J'ai réécouté le discours une fois rentrée chez moi, et je n'y ai pas trouvé le terme «muselé». Par contre, le sujet de la conférence était effectivement celui des atteintes aux droits et libertés fondamentales. Pour cette jeune fille de 16 ans, cette thématique est la marque du complotisme. Je lui ai objecté que si nos médias et nos ONG peuvent se permettre de critiquer la censure et l'autoritarisme chinois par exemple, pourquoi nos juristes et nos philosophes ne pourraient-ils pas contester la censure dans notre propre pays.

Des atteintes légitimes ?

Un autre élève prit alors la parole pour me dire: «Je n'ai rien compris à ce discours, la seule chose que je sais, c'est que si on ne nous avait pas pris nos libertés, on aurait condamné toutes les personnes âgées!». Un peu décontenancée par cette affirmation qui n'appelait aucune contestation (puisque l'élève «savait»), je pris quelques secondes pour réfléchir à une façon de rebondir, avant d'être interrompue dans ma réflexion par la première élève. Celle-ci comptait bien clore ce débat qui l'irritait visiblement et m'expliqua que l'urgence de la situation justifiait de ne pas avoir demandé l'avis de la population et du Parlement, et que de toute façon la population était trop stupide (elle-même s'incluait dedans) pour qu'on lui laisse la possibilité de faire valoir son avis...

Sur le moment, cet épisode m'a perturbée car j'avais, en proposant cette vidéo aux élèves, le sentiment de faire mon devoir d'enseignante: un cours de morale portant sur les droits et libertés fondamentales. Mais je me suis sentie reléguée par ces deux élèves dans l'illégitimité, voire l'illégalité. Au vu du contexte ambiant, je m'attendais presque à être convoquée par la Direction pour cause de parents (voire de collègues) offusqués. Cet épisode m'a tout de même permis de dresser un constat important: tout le monde s'accorde sur le fait qu'il y a atteinte aux droits et libertés fondamentales, ce qu'a d'ailleurs confirmé la Justice1. Mais une partie peut-être majoritaire des citoyens estime que ces atteintes sont légitimes, selon leur analyse de la situation sanitaire.

Devoir de neutralité

En tant qu'enseignants, nous sommes tenus à un devoir de «neutralité»2. Que signifie concrètement la neutralité dans le contexte actuel?
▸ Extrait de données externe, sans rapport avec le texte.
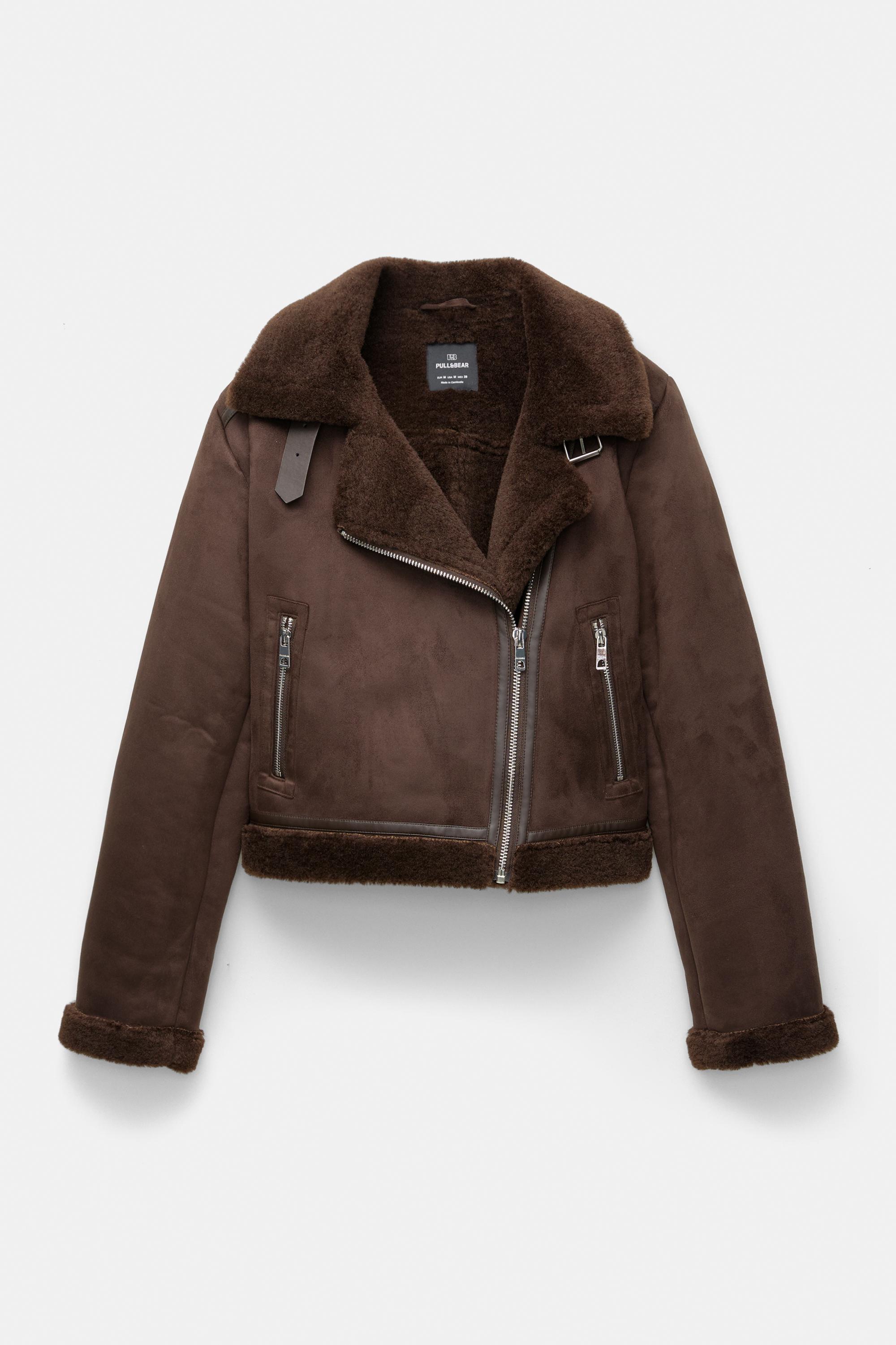 専用 新品 Reversible Faux Shearling Reversible faux shearling jacket - pull&bear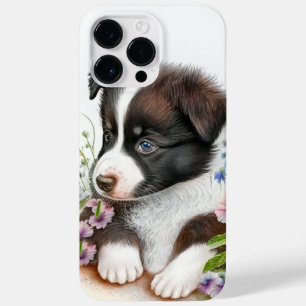WATERCOLOR BORDER COLLIE PUPPY DOG Case-Mate iPhone 14 PRO MAX CASE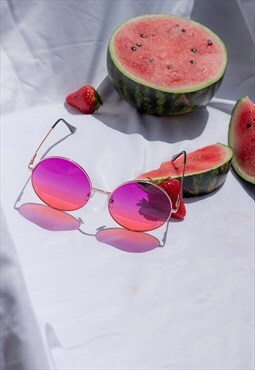 Magenta Pink Oversized Round Circle Wire Frame Sunglasses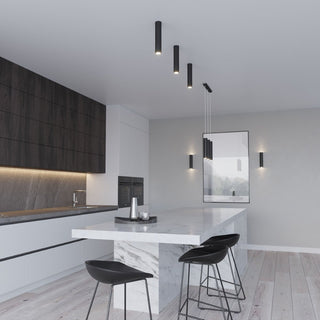 Four Lagos ceiling lamps installed in a modern kitchen with a marble island and dark cabinetry.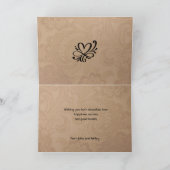 10e Jubileum  Elegant Bloemen Zwart Kaart (Binnen)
Consiste-t-elle à faire comme s'il ne se passait rien, à ne pas débattre avec les élèves de la situation aussi dramatique qu'exceptionnelle que nous vivons actuellement? Nous dicte-t-elle de répéter les discours officiels, politiques et médiatiques? M’autorise-t-elle à montrer aux élèves un discours qui alerte sur le fait qu'il n'y a pas eu démonstration par les autorités ni accord démocratique sur le caractère justifié, proportionné et temporaire des dérogations aux droits et libertés fondamentales?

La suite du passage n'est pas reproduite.